WHAT THE EXERCISE ASKS: Go through the listing below and repeat it exactly, omitting each picture.

SUPPLIED MATERIAL:
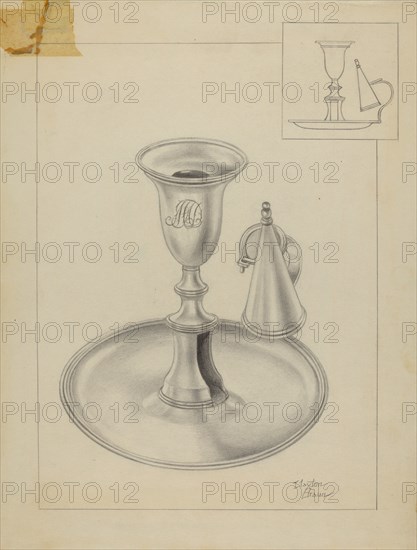 Silver Candlestick Holder, c. 1936.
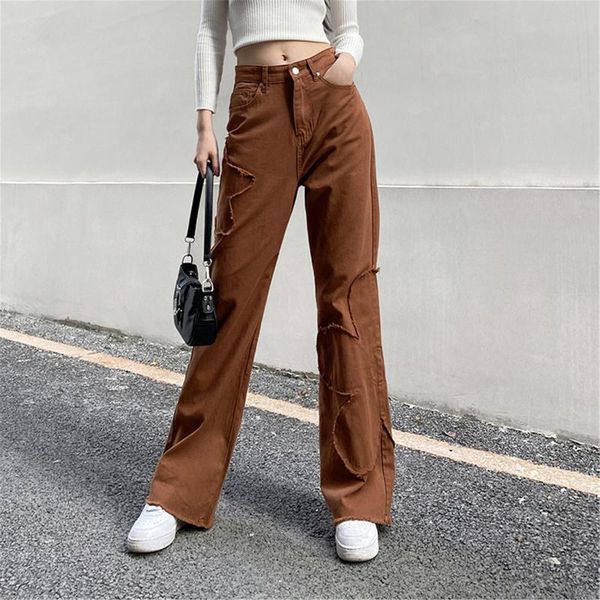 

women's jeans women brown high waist button ripped elastic pants solid trousers pocket strechy denim streetwear, Blue
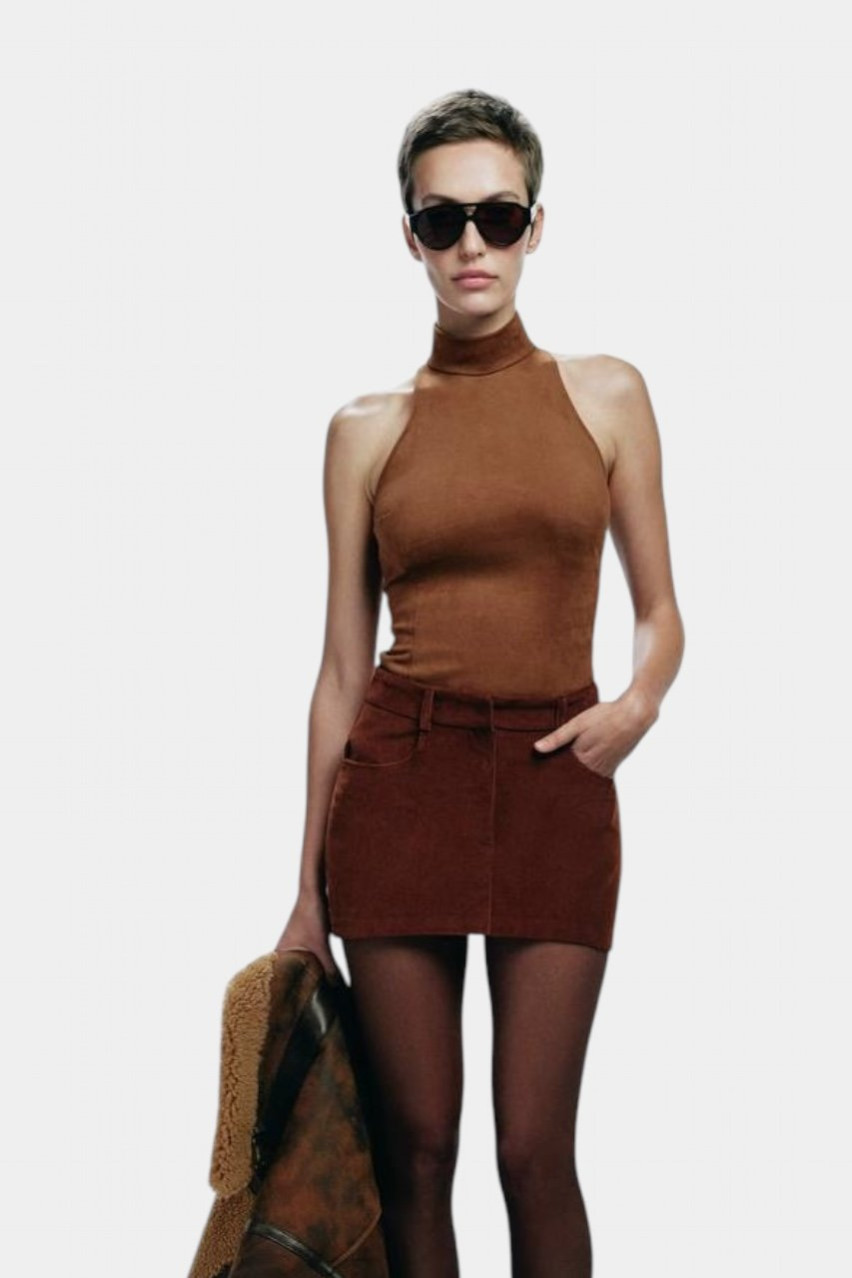 Коричневий топ з екозамші TWEN2'S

TASK SOLUTION:
 Silver Candlestick Holder, c. 1936.

women's jeans women brown high waist button ripped elastic pants solid trousers pocket strechy denim streetwear, Blue
 Коричневий топ з екозамші TWEN2'S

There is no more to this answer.